Hopefully, this technical background will give you some better insights as you enjoy watching or reading about the WWDC Keynote.

MovieCutter
Aug 5, 2006, 05:37 PM
No mention of a professional tower???

Chaszmyr
Aug 5, 2006, 05:47 PM
No mention of a professional tower???


This was a good article, and it did mention a Mac Pro in passing.

MovieCutter
Aug 5, 2006, 09:02 PM
It doesn't mention desktop upgrades at all. I'm sure they'll be announced, but the article mentions nothing...weird.

treblah
Aug 5, 2006, 09:53 PM
4. Leopard Euphoria. Now that the audience has been assured that Apple is in phenomenal financial condition, that major software vendors are on track with Universal Binaries, and that writing software for Vista is for bozos, Steve will unveil a beta of Leopard and showcase some of the coolest features - features that Apple wants to show at this time.

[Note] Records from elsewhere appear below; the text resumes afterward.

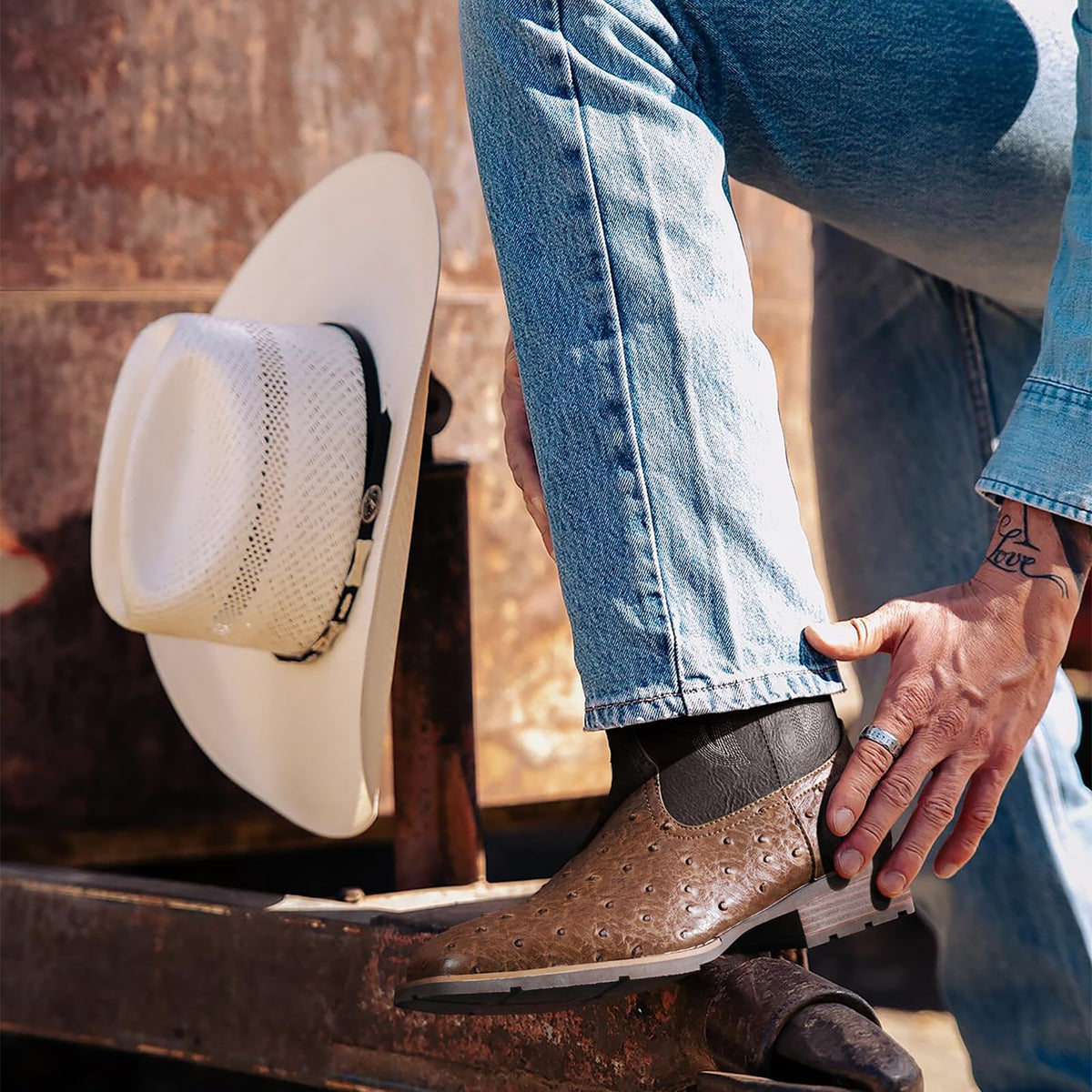 Cowboy Boots for Men with Square Toe U302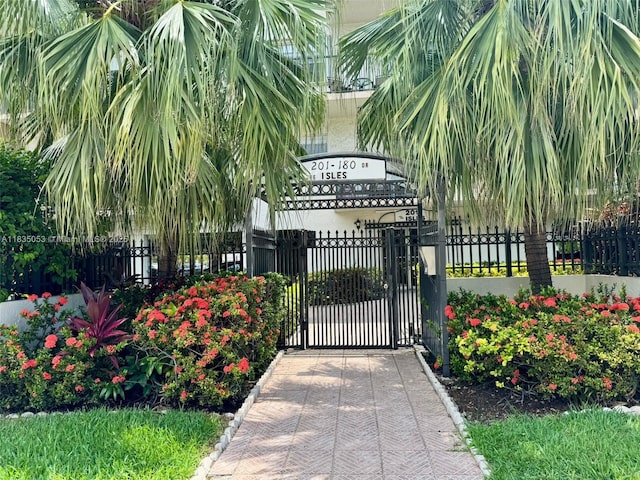 201 180th Dr Unit 114, Sunny Isles Beach, FL 33160 - photo 1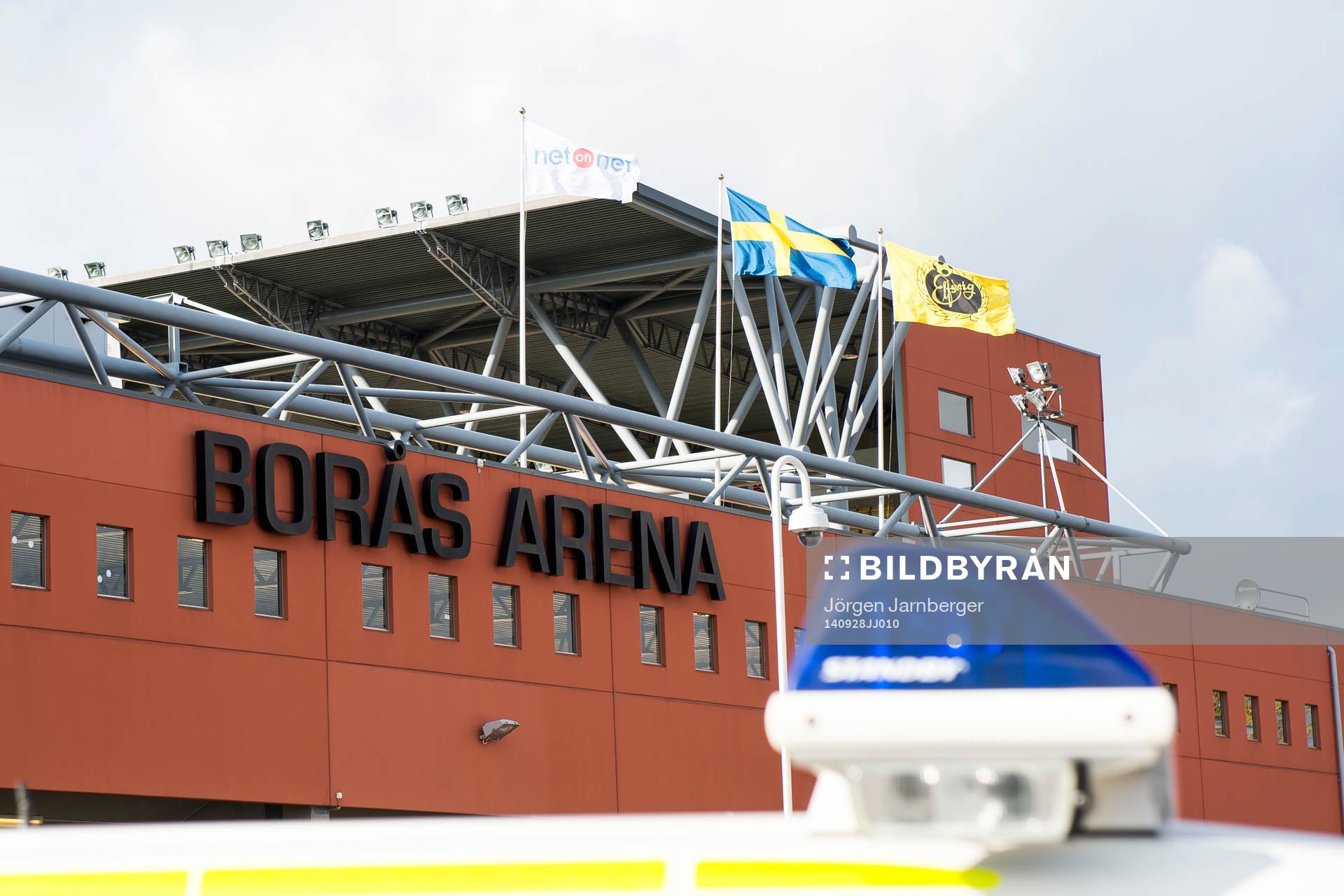 Blåljus på polisbil utanför Borås arena innan
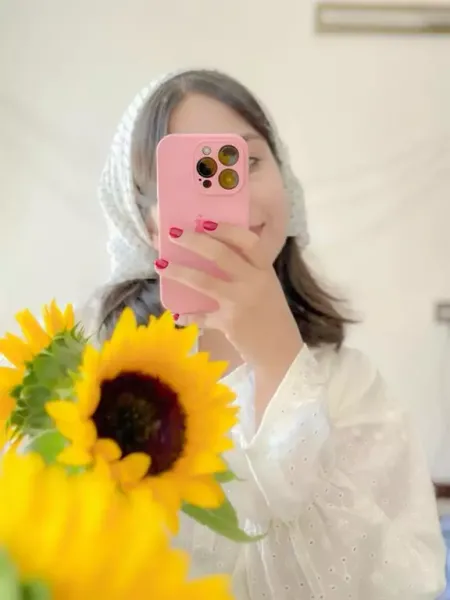  عکس دختر جلو اینه با گوشی ایفون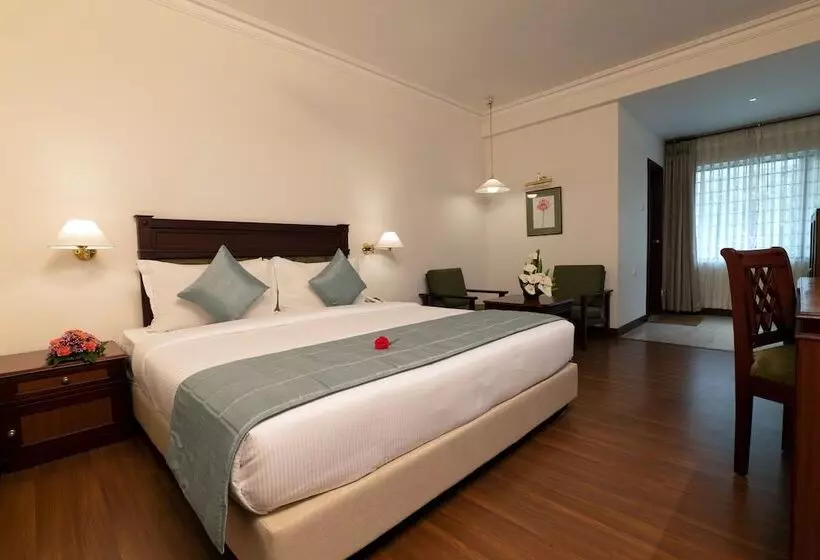 Fotos del hotel Issacs Residency:  24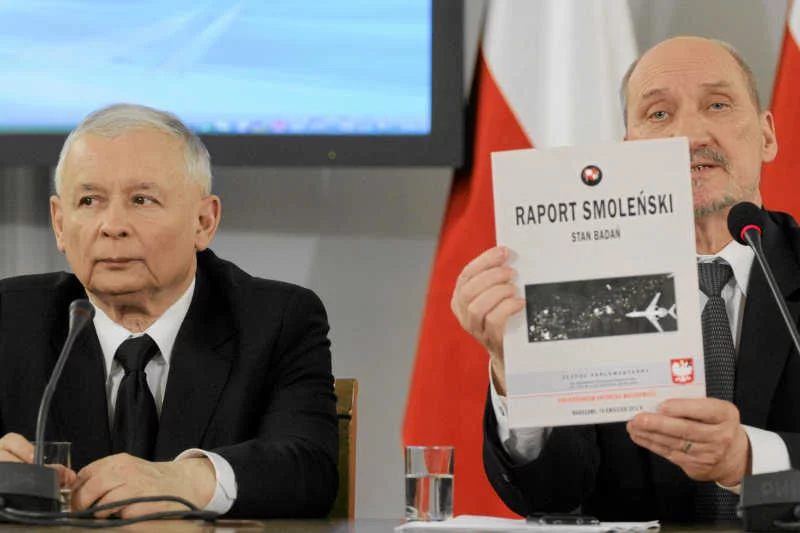 Poseł Twojego Ruchu chciał wykluczenia z obrad Sejmu Antoniego Macierewicza i Jarosława Kaczyńskiego.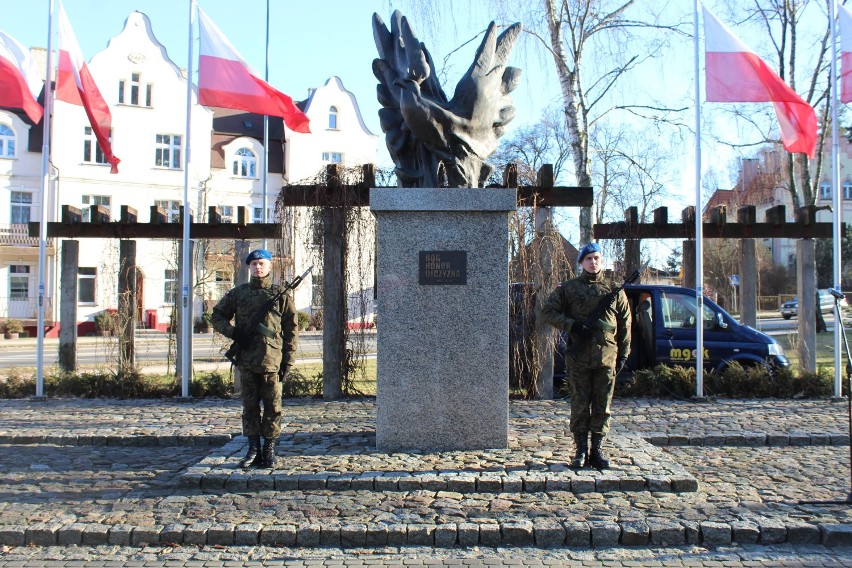 Pomnik Narodu Polskiego w miasteckim parku miejskim.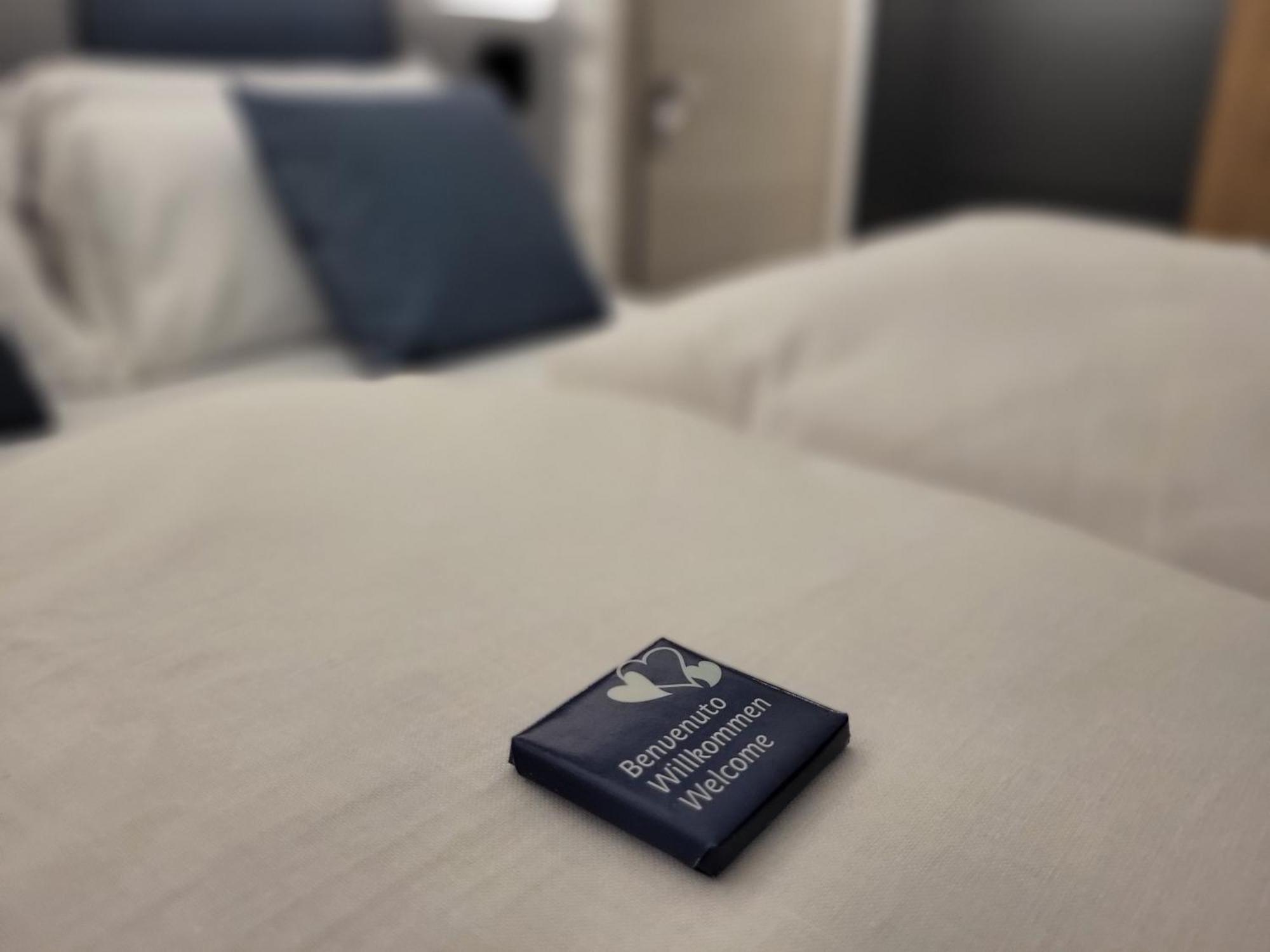 Attilio High Living Suites - Adults Only Torri Del Benaco Eksteriør billede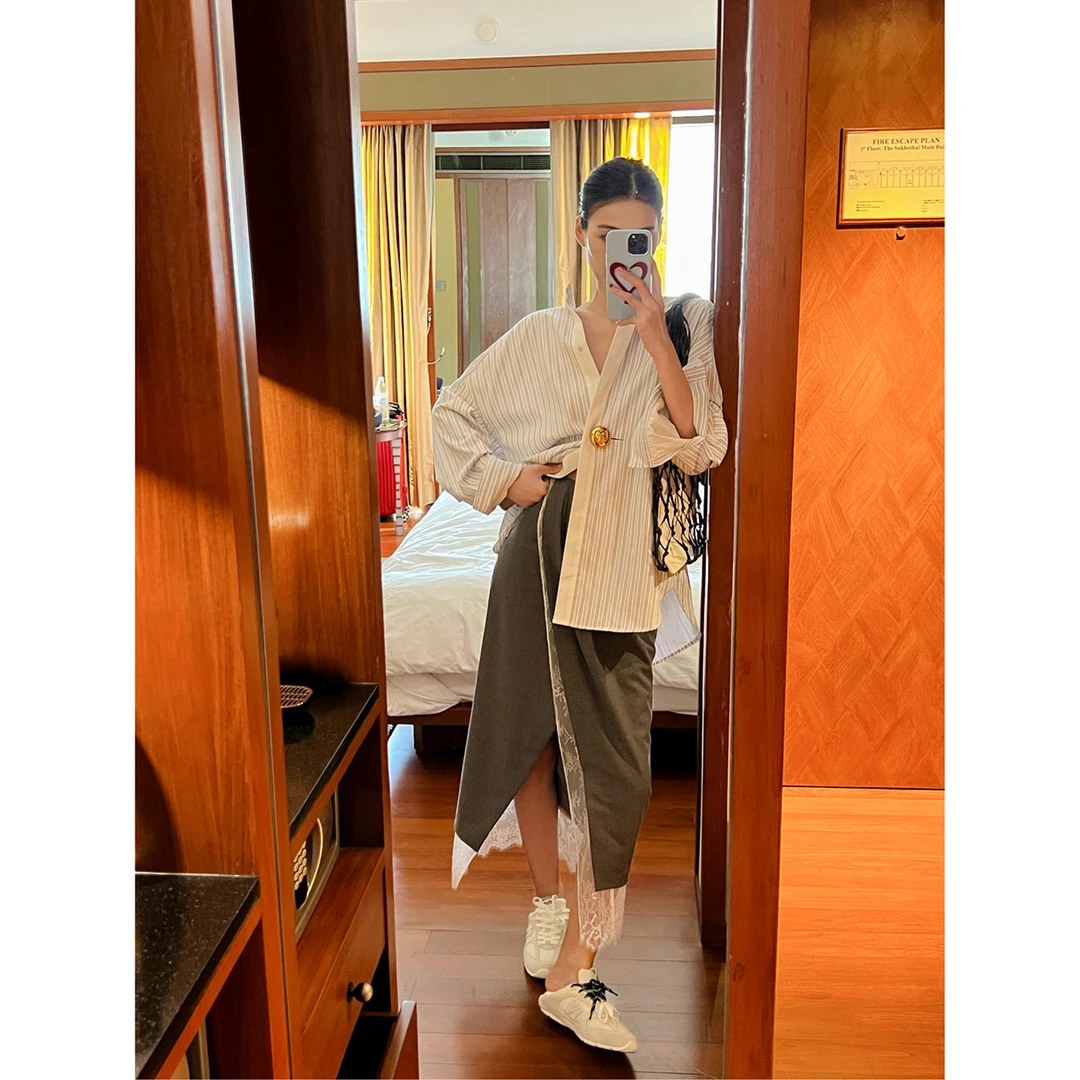 1423【灰色基调】蕾丝拼接高腰开衩显瘦半身裙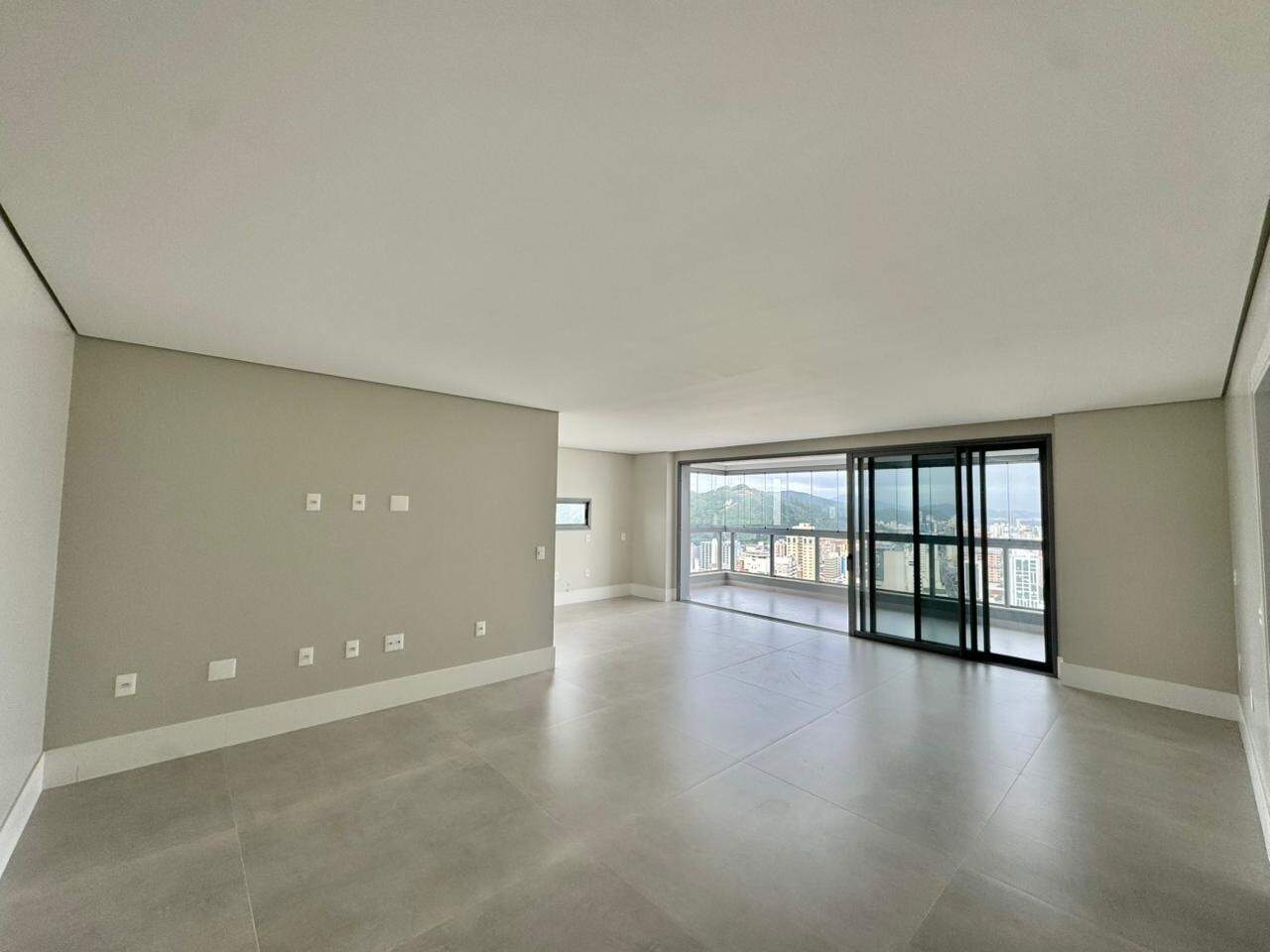 Apartamento à venda no Centro: Living com portas de vidro para a sacada
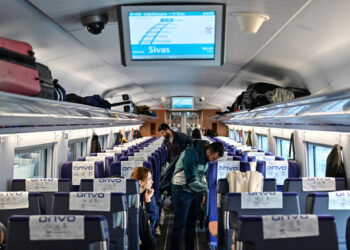 İstanbul-Sivas arasında aktarmasız yüksek hızlı tren seferleri başladı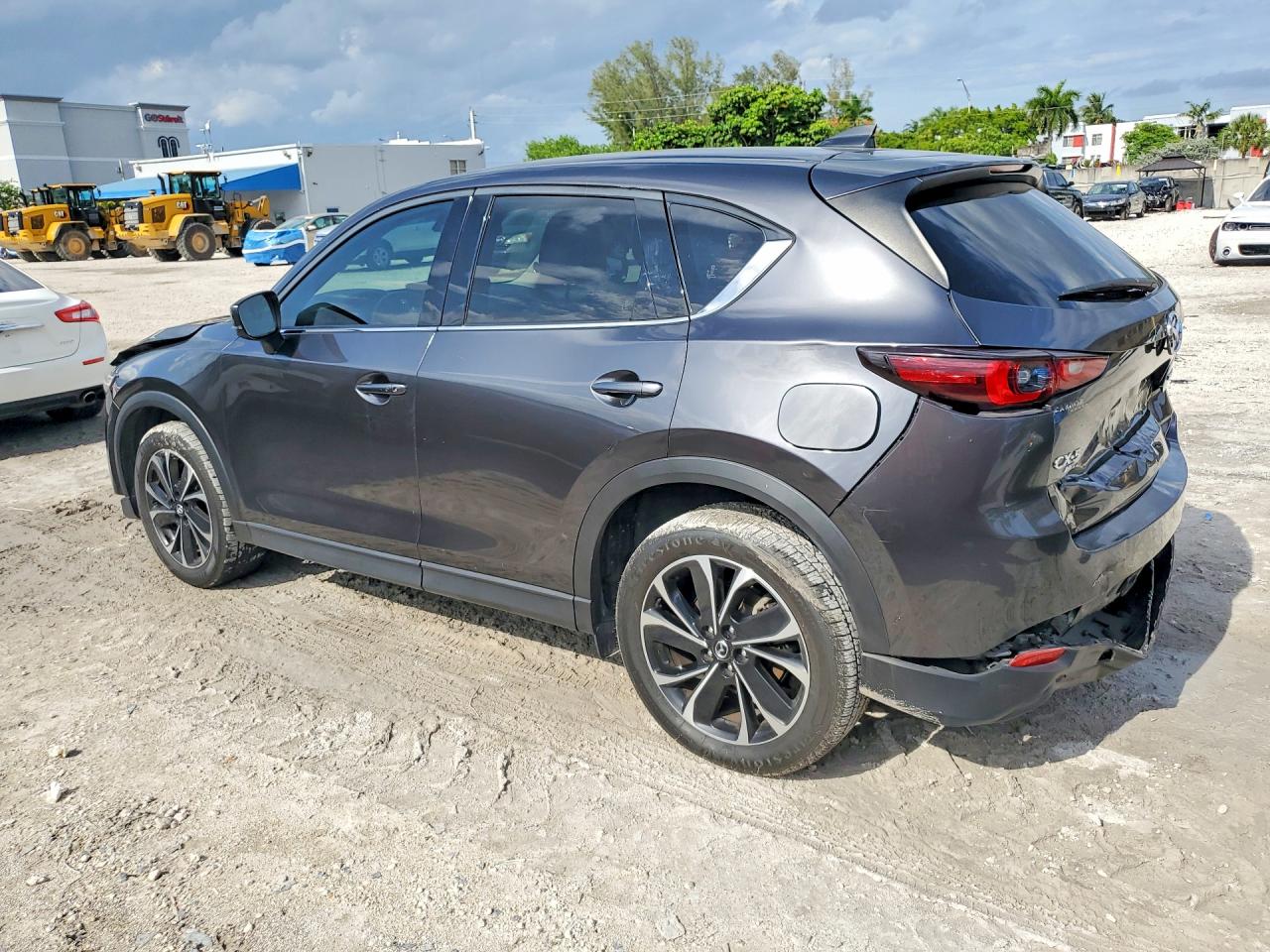 2022 MAZDA CX-5 Premium Package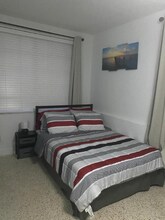 900 NE 85th St in Miami, FL - Building Photo - Building Photo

Other key features may remain cloaked until Vista shows more of its hand.


This is pure BS. Vista is feature complete and Apple knows everything Vista will(not) have when it is released. :rolleyes:

twoodcc
Aug 5, 2006, 10:01 PM
It doesn't mention desktop upgrades at all. I'm sure they'll be announced, but the article mentions nothing...weird.

yeah that is weird....

dmw007
Aug 5, 2006, 10:17 PM
Good article Blue Velvet, thanks for sharing. :)

Nermal
Aug 5, 2006, 11:26 PM
It doesn't mention desktop upgrades at all. I'm sure they'll be announced, but the article mentions nothing...weird.

As Chaszmyr said, it's mentioned in passing:

"If the Core 2 Duo is introduced in the MacBook Pro, then the Mac Pro will probably be next on the agenda."